If you attempt to supply both direct input and pipeline input…

… PowerShell generates an error that indicates the problem in a rather circuitous fashion:

What that message is really saying is that, after applying one input to the Path parameter, the command also attempted to provide a second input to the same parameter. But since any parameter can have input only from one source at a time, the error says it does not have a match for the second input source to any parameter.

Input Combinations

There are a number of possible combinations of input source and parameter types to consider.

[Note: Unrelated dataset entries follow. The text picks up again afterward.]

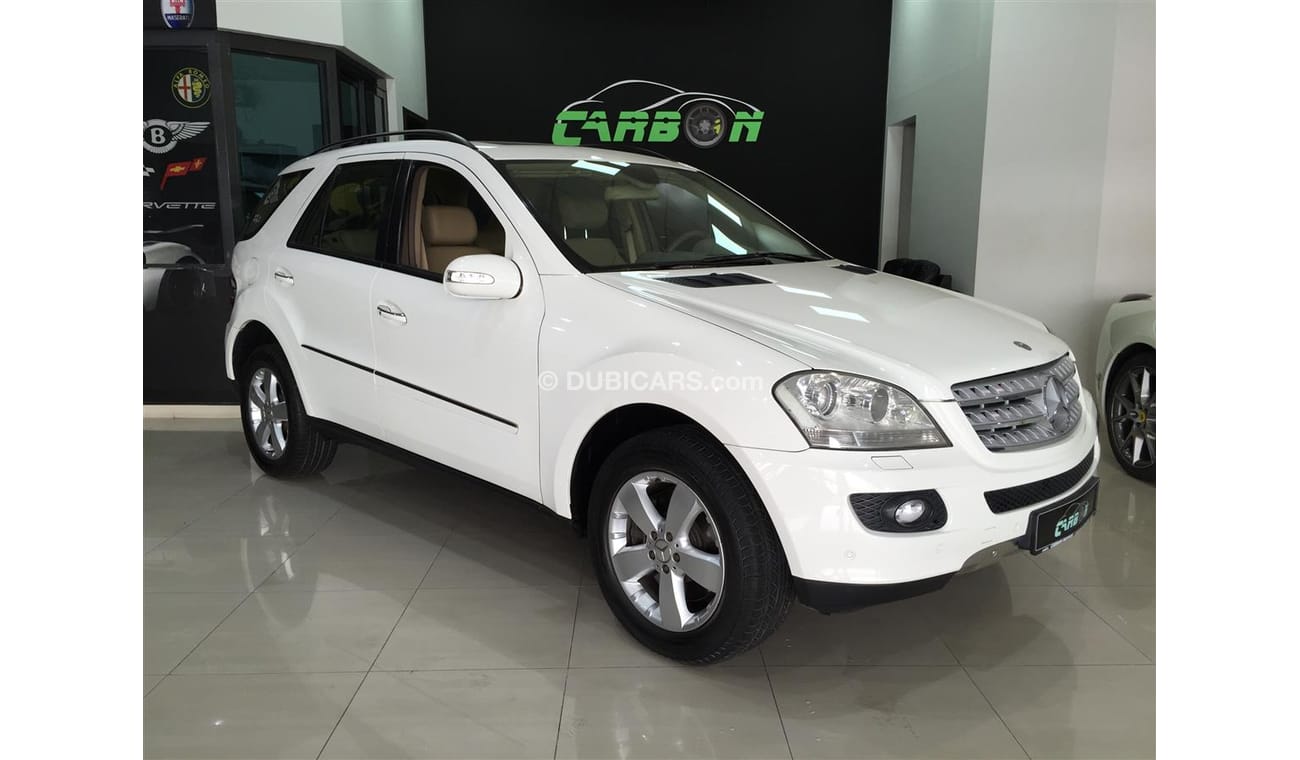 Mercedes-Benz ML 500 2006 - gulf specs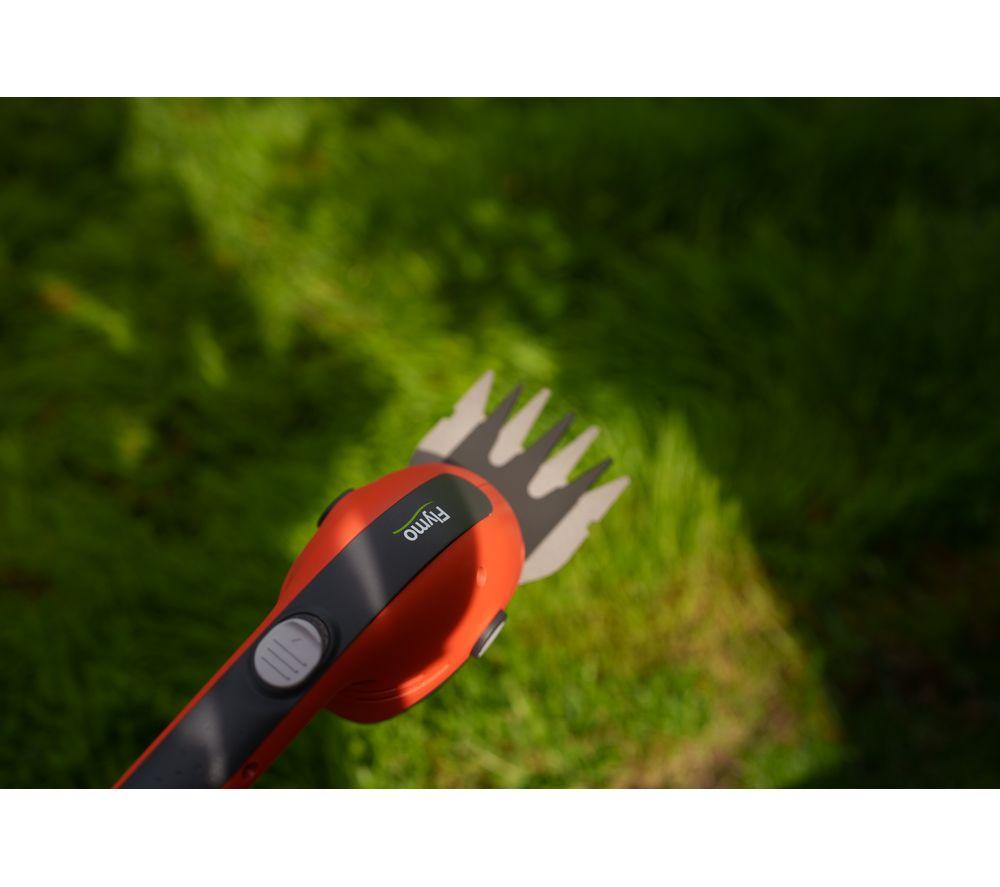FLYMO SimpliShear Cordless Shrub & Grass Shear Set image number 8 of 9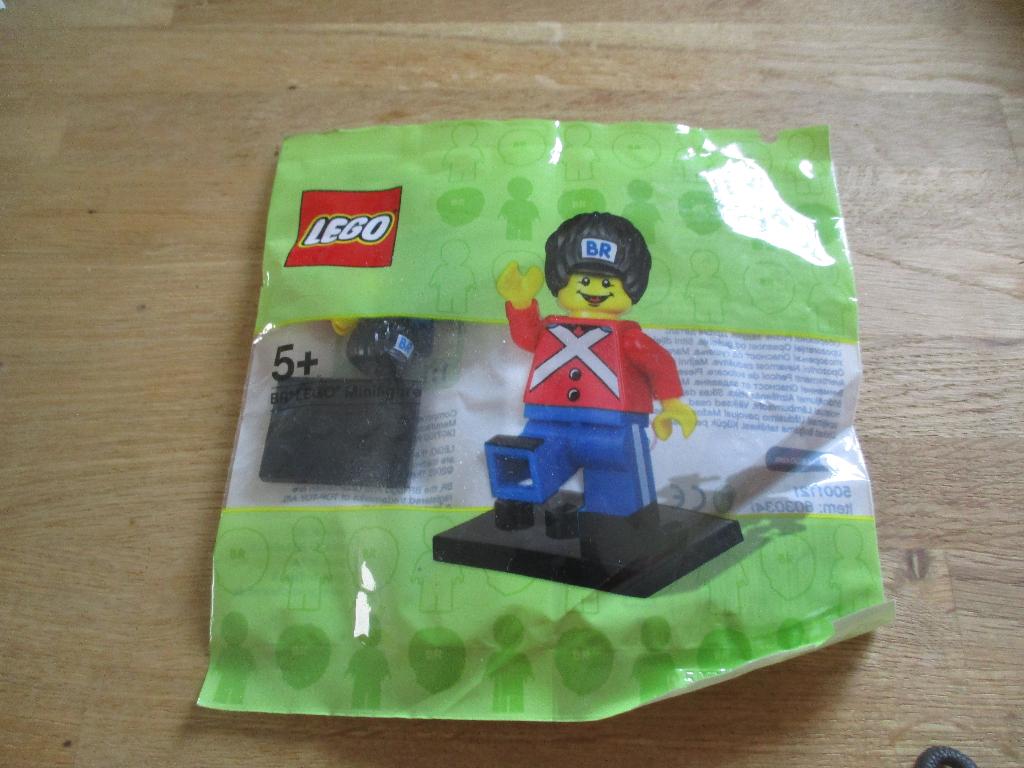 lego polybag minifiguur br 6030341, Overige thema's, Lego, Nieuw, Ophalen of Verzenden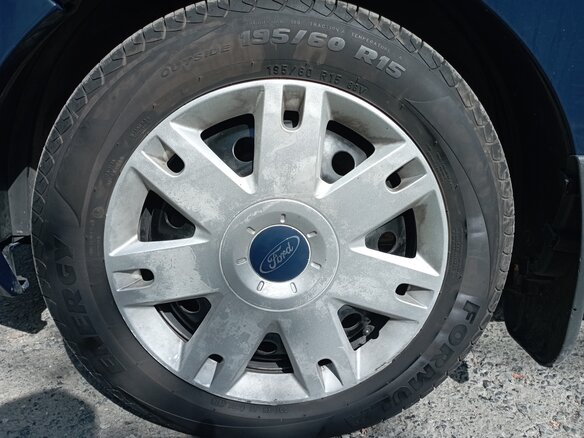 2012 Ford Fusion I Рестайлинг, синий, 700000 рублей - вид 13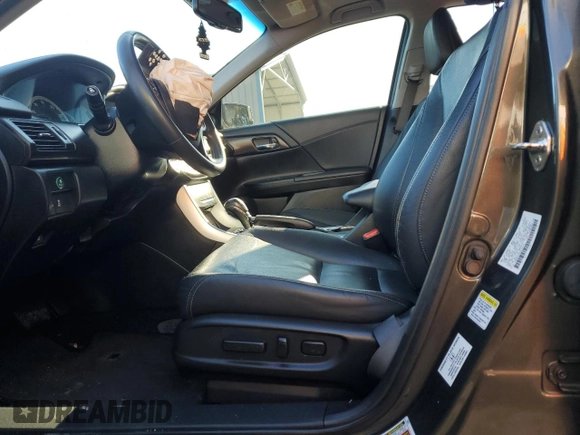 2013 Honda Accord Sdn EX-L with VIN 1HGCR2F85DA250542, listed as a Copart auction lot 48637155 with Not Provided miles and Non Repairable. Bid and sale history available at carsss.com. Image 7.
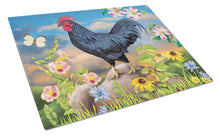 Load image into Gallery viewer, Black Rooster Glass Cutting Boards – Durable, Decorative Kitchen Art Large PRS4060LCB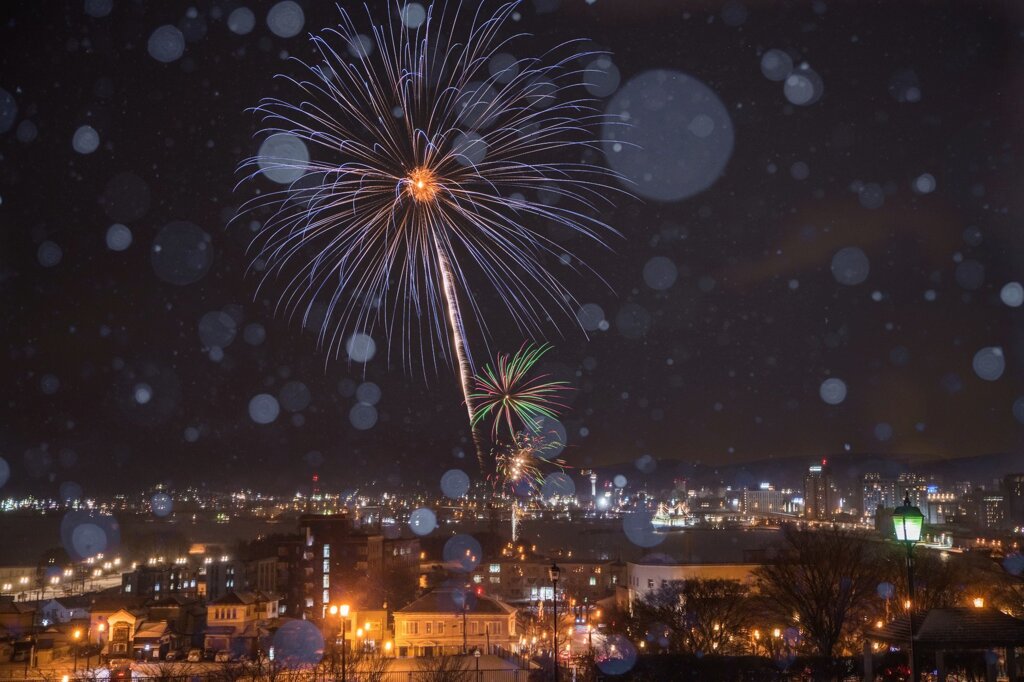 函館冬花火(速報版)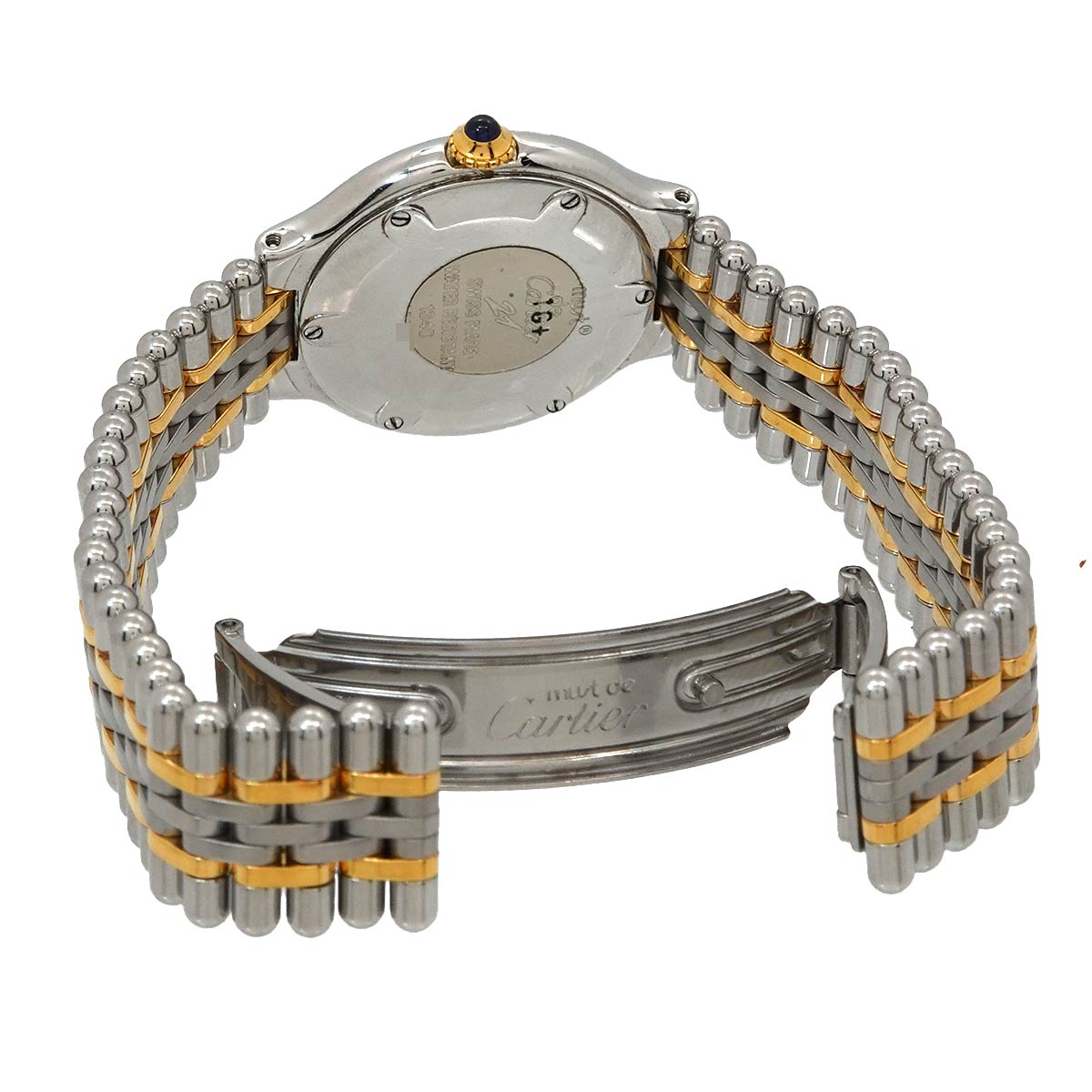Must 21 Van Thian W10073F4 Quartz Silver Dial Ladies Watch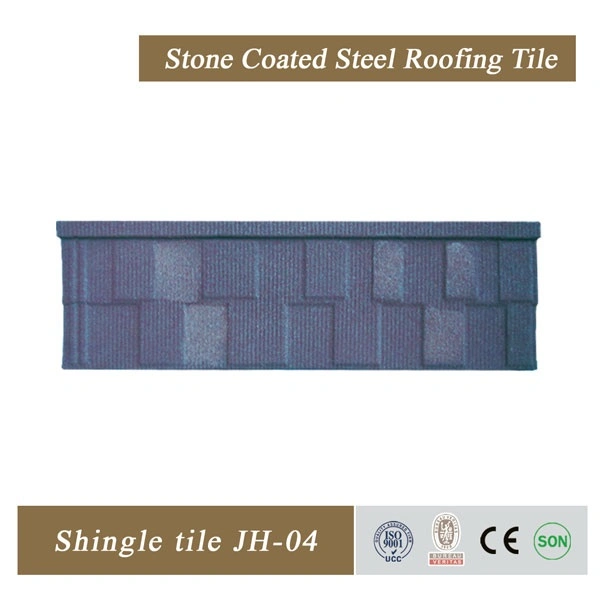 Hot Sale Stone Coated Steel Roofing Tiles Roofing Sheet for Building Material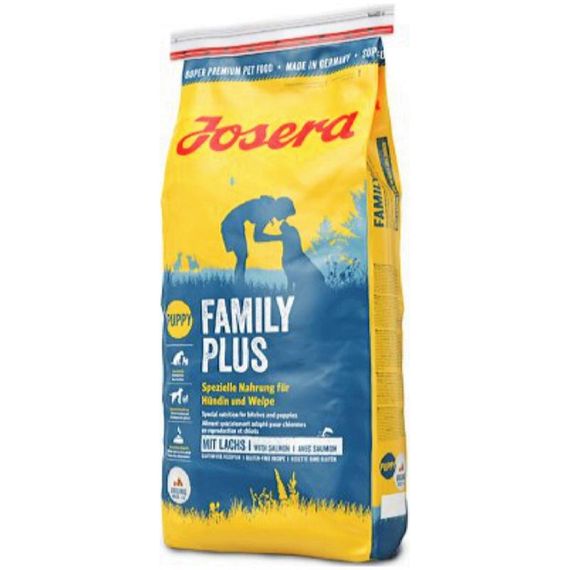 Сухий корм для собак Josera Family Plus 15 кг (4032254743392)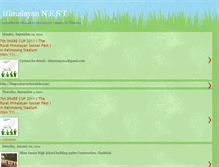 Tablet Screenshot of himalayannest.blogspot.com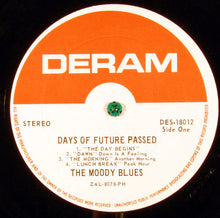 Load image into Gallery viewer, The Moody Blues : Days Of Future Passed (LP, Album, PH )
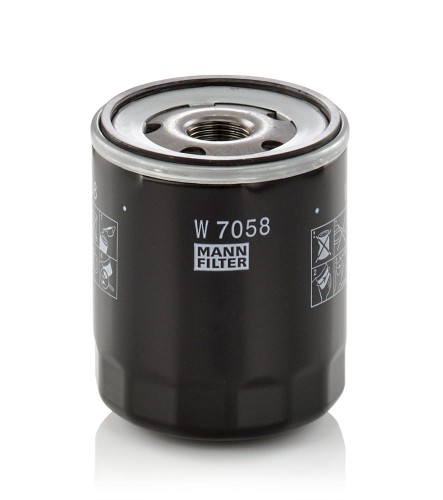 Filtr oleju W716/1 (nowy numer W7058) Mann Filter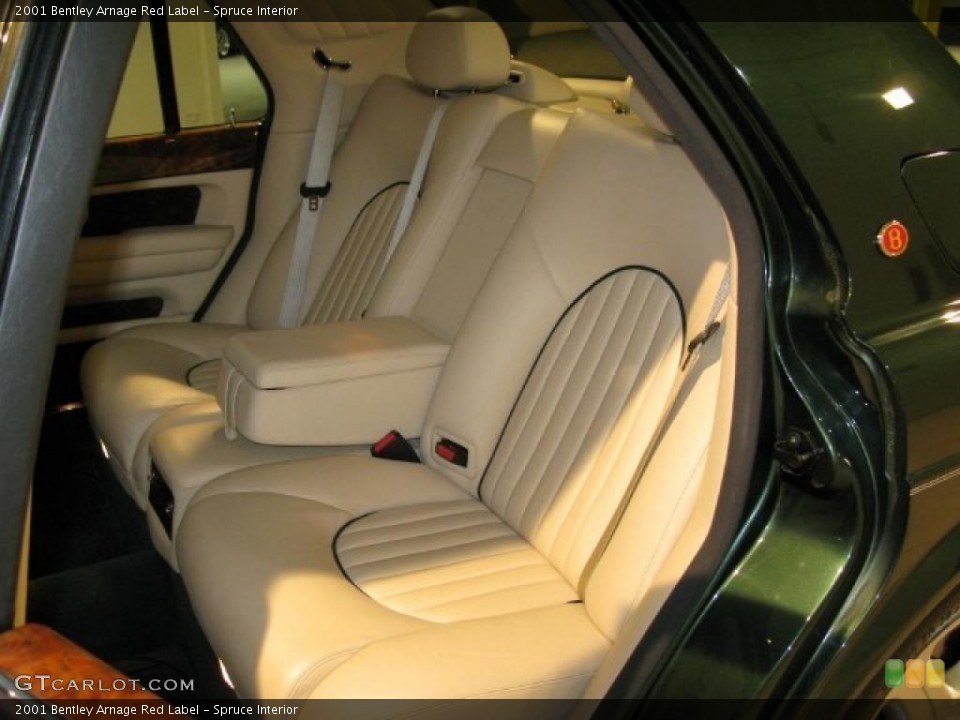 Spruce Interior Photo for the 2001 Bentley Arnage Red Label #42813942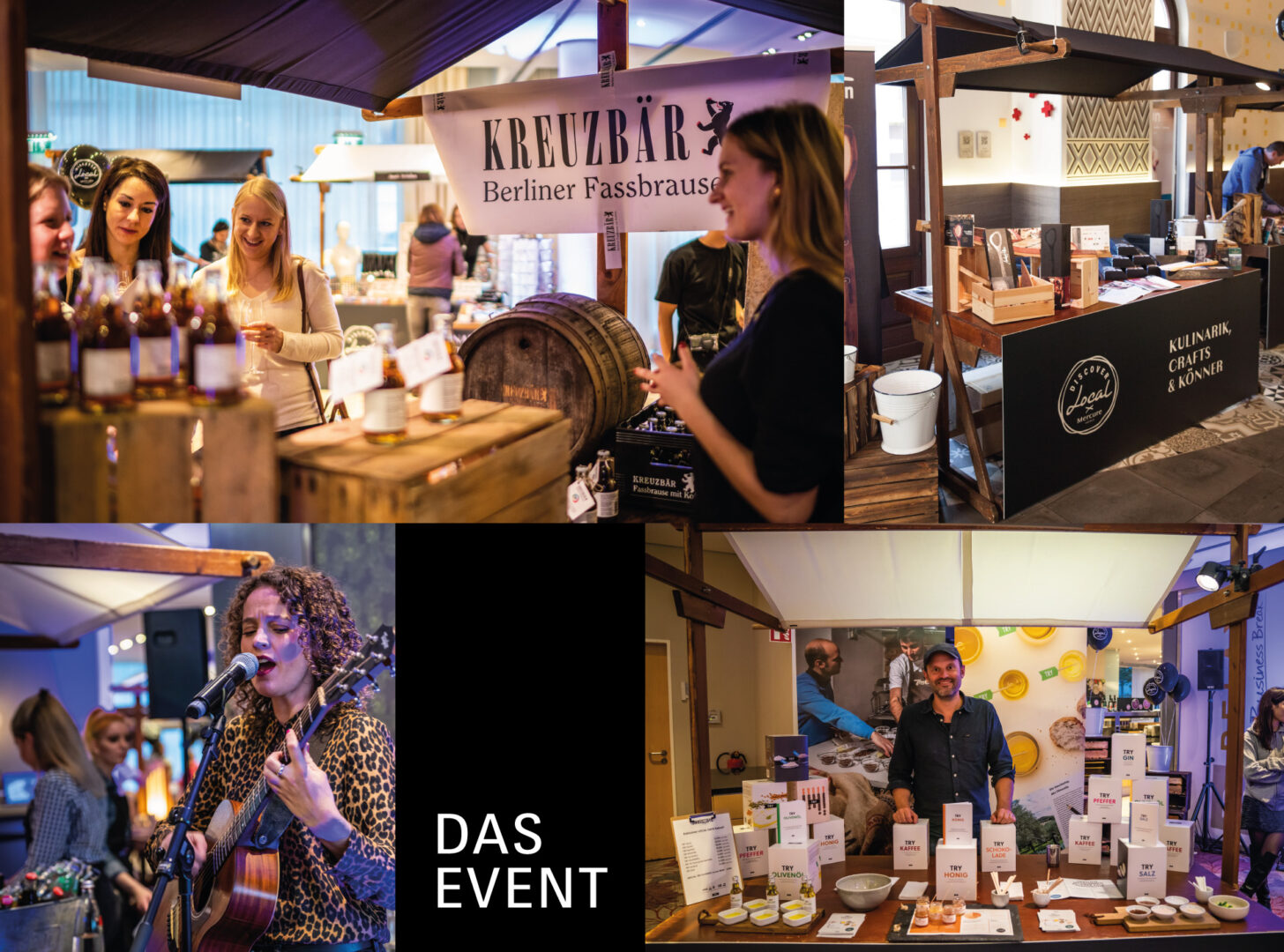 Werbeagentur Kommunikation Mercure Hotels Food & Co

Direct Input/Positional Parameters

Parameters in the call are matched to parameters in the function signature by their order or position: the first parameter in the signature takes the first parameter from the call, the second takes the second, and so on. If the signature specifies more parameters than you supply in the call, the leftover parameters assume either default values (if you have provided them) or null.

Call

f $x $y $z

Signature

f ( $a, $b, $c)

Implicit Assignment

$a = $x, $b = $y, $c = $z

Direct Input/Named Parameters

Parameters in the call are matched to parameters in the function signature by their names; the order in the call is irrelevant. If the signature specifies more parameters than you supply in the call, the leftover parameters assume either default values (if you have provided them) or null.

Call

f -C $z -B $y -A $x

Signature

f ( $a, $b, $c)

Implicit Assignment

$a = $x, $b = $y, $c = $z

Default Values

Here, parameter $b has a default value assigned in the function’s signature, while parameter $c does not. A call providing only a value for parameter $a results in $b having the default value 25 and $c having the value $null.

Call

f $x

Signature

f ( $a, $b = 25, $c)

Implicit Assignment

$a = $x, $b = 25, $c = $null

Pipeline Input/Explicit Parameters

Values in the pipeline are fed to a parameter that is set up to accept it. To wire it up, all you need to do is to attach the ValueFromPipeline attribute to a parameter in the signature. Assuming you have structured the body of the function appropriately (see next section), you will receive multiple outputs (one for each pipeline input), allowing you to continue pipelining if desired. The table below illustrates mixing a pipeline input ($a) with direct inputs ($b, $c, and $d), where $b has an explicit value via a named parameter that overrides its default, $c has neither default nor value, and $d has no explicit value but has a default.

Call

$x1,$x2,$x3 | f -B 111

Signature

f [Parameter(ValueFromPipeline=$True)]$a, $b=-1, $c, $d=999)

Implicit

Assignment

$a = $x1, $b = 111, $c = $null, $d=999

$a = $x2, $b = 111, $c = $null, $d=999

$a = $x3, $b = 111, $c = $null, $d=999

You may, in fact, specify more than one parameter to receive pipeline input. In such a case, each parameter sees the same value from the pipeline at the same time. Example 2 does so for $p1 and $p3 but not for $p2:

Function

function Get-PipelineToMultipleParameters(

      [Parameter(ValueFromPipeline=$True)]$p1 = “default”,

      $p2 = “non-pipe”,

      [Parameter(ValueFromPipeline=$True)]$p3 = “xyz”

)

{

      Process { return “`$p1=$p1 :: `$p2=$p2 :: `$p3=$p3” }

}

Call

25,49 | Get-PipelineToMultipleParameters

Result

$p1=25 :: $p2=non-pipe :: $p3=25

$p1=49 :: $p2=non-pipe :: $p3=49

 Example 2: Specifying multiple parameters to receive the pipeline input

The call sends two values as pipeline input to the Get-PipelineToMultipleParameters function resulting in one line of output for each input. $p1 and $p3 will always contain the same pipeline input. Since $p2 does not take input from the pipeline, nor does it have a direct input supplied, it assumes its default value.

Pipeline Input/Implicit

Even if your function defines no parameters at all, it can still process pipeline input. The standard PowerShell technique for iterating through an array (see about_Foreach) is to pipe the array into a foreach loop and access each object in the array with the special $_ variable (foreach has a convenient alias “%”  because it is used so often in this type of context):

You can feed pipeline input into your function in just the same way. 

Call

$x1,$x2,$x3 | f

Signature

f

Implicit Assignment

$_ = $x1

$_ = $x2

$_ = $x3

The next section expounds upon this deceptively simple looking practice in depth.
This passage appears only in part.